Dataset extract:
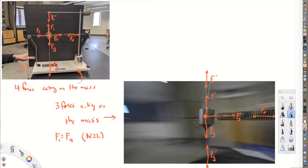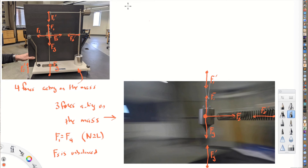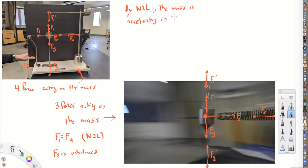What about the horizontal force? We have Fs pulling outward, and there's no other force pulling the other way to balance it, so Fs is an unbalanced force. Because Fs is unbalanced, this mass has to be accelerating in the direction of that force. By Newton's second law, the mass is accelerating in the direction of Fs.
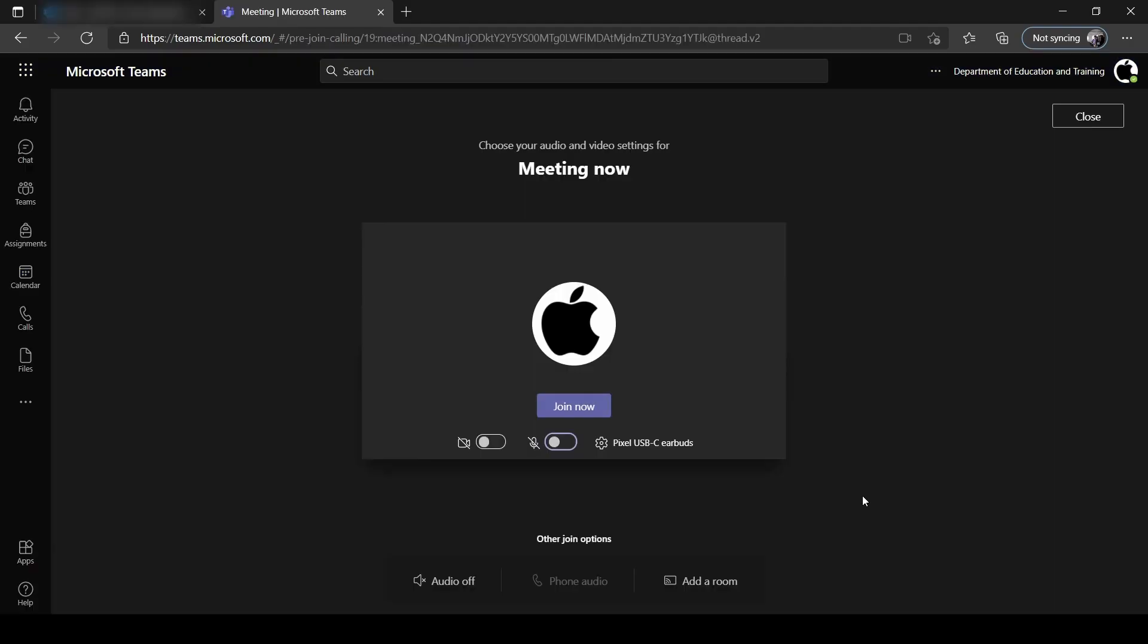Once you're in the meeting, you may select the Join Now button. Please ensure that your microphone and camera are disabled before joining a meeting. You will be advised when to turn these on.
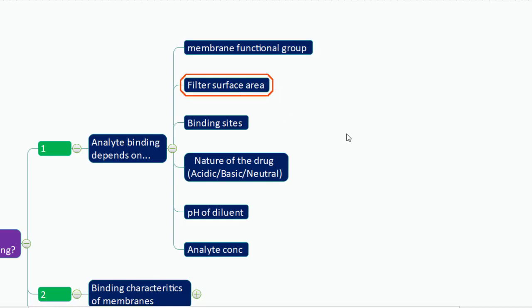Filter surface area is another important point — greater surface area means more analyte binding. It is better to use a syringe filter with minimum diameter; 25 mm diameter filter papers are very popular, but if you have a sample quantity constraint, you can use a lower diameter filter. Binding sites also depend on the number of functional groups available. For example, nylon contains three different functional groups — amine, amide, and carboxylic acid — where binding can occur.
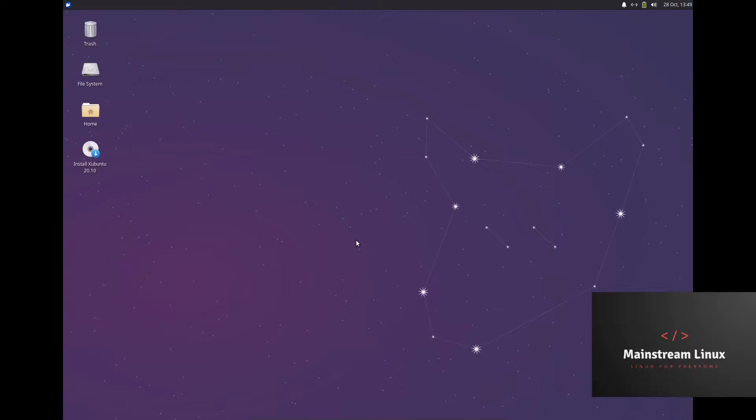Hey guys, it's Troy. Today we're going to be looking at Xubuntu 20.10 here on Mainstream Linux.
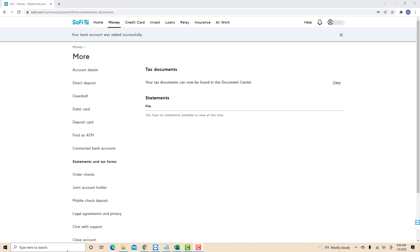Now you will see your statements under the Statements section. However, in this video, there are no statements available since I do not have transactions yet.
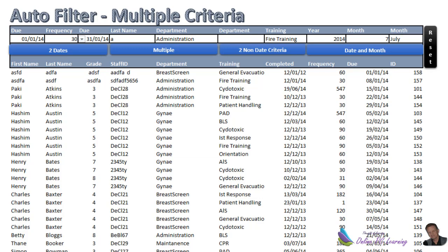I'm going to show you how to do dates, text with dates, and all sorts of combinations. Why would you want to do this? If you wanted to filter multiple criteria in a shared workbook, you cannot use an advanced filter — you have to unshare the workbook first. So if you need to filter data accurately in a shared workbook, you'll have to use an auto filter. I'll show you the techniques across about five short project tutorials.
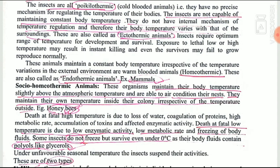Homeothermic or endothermic animals — such as mammals and human beings — have an internal mechanism for maintaining body temperature irrespective of outside temperature. A third category is socio-homeothermic animals, which maintain their body temperature slightly above atmospheric temperature. Among insects, social insects like honey bees are categorized as socio-homeothermic — they maintain body temperature by fanning their hives, cooling them, or through the presence of water in their hives.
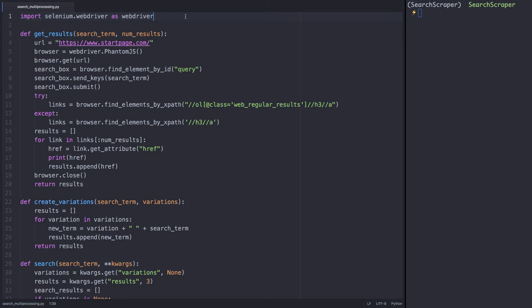Now that we can use search variations to retrieve additional search results, we'll want to make this process more efficient by utilizing multiprocessing.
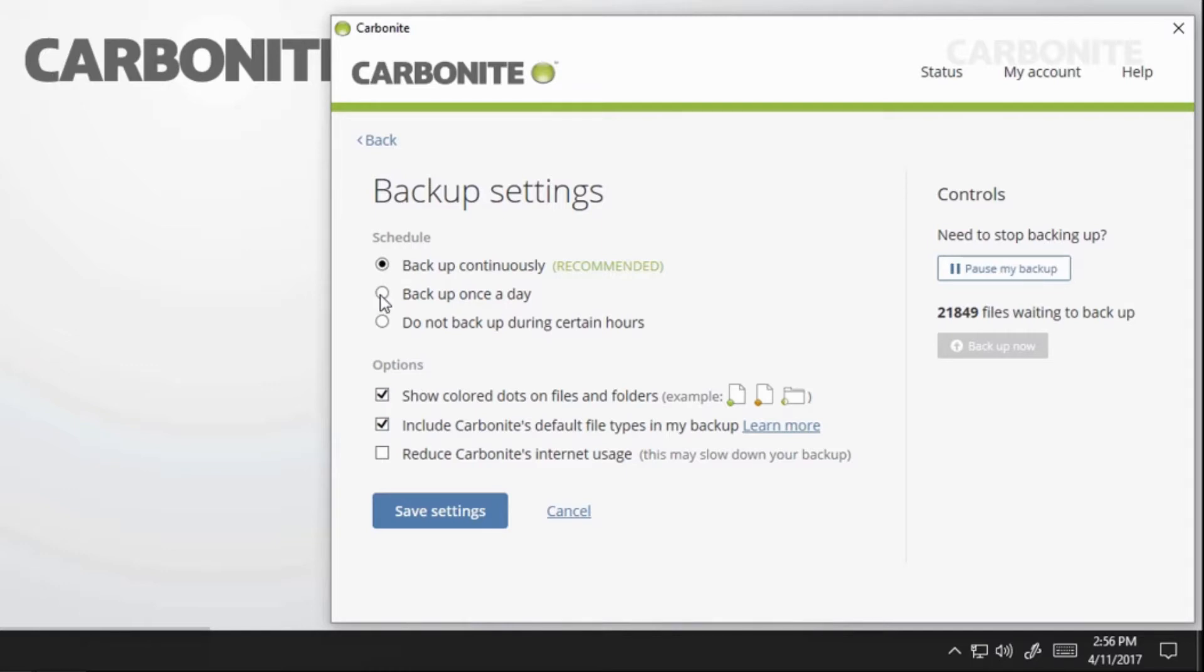Backup once a day. This option lets you set a time to start your scheduled backup daily. Once complete, your backup will be paused until the scheduled time the next day.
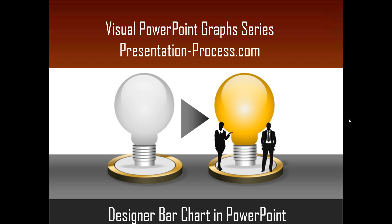Hello, I am Ramgopal from PresentationProcess.com. In this edition of Visual PowerPoint Graphs series, you will learn how to create designer bar chart in PowerPoint.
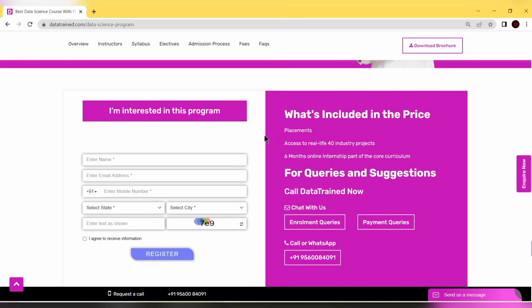You can register for this program right away. I've given all the links in the description. If you have any queries, click for enrollment queries. For anything related to fees and payment, click here. You can also call them on WhatsApp.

Exercise details:
Please retype exactly the lines from the line containing "Now that we" through the final line of the records above, inclusive, leaving out any pictures.

Problem solution:
Now that we can use search variations to retrieve additional search results, we'll want to make this process more efficient by utilizing multiprocessing.
Backup once a day. This option lets you set a time to start your scheduled backup daily. Once complete, your backup will be paused until the scheduled time the next day.
Hello, I am Ramgopal from PresentationProcess.com. In this edition of Visual PowerPoint Graphs series, you will learn how to create designer bar chart in PowerPoint.
You can register for this program right away. I've given all the links in the description. If you have any queries, click for enrollment queries. For anything related to fees and payment, click here. You can also call them on WhatsApp.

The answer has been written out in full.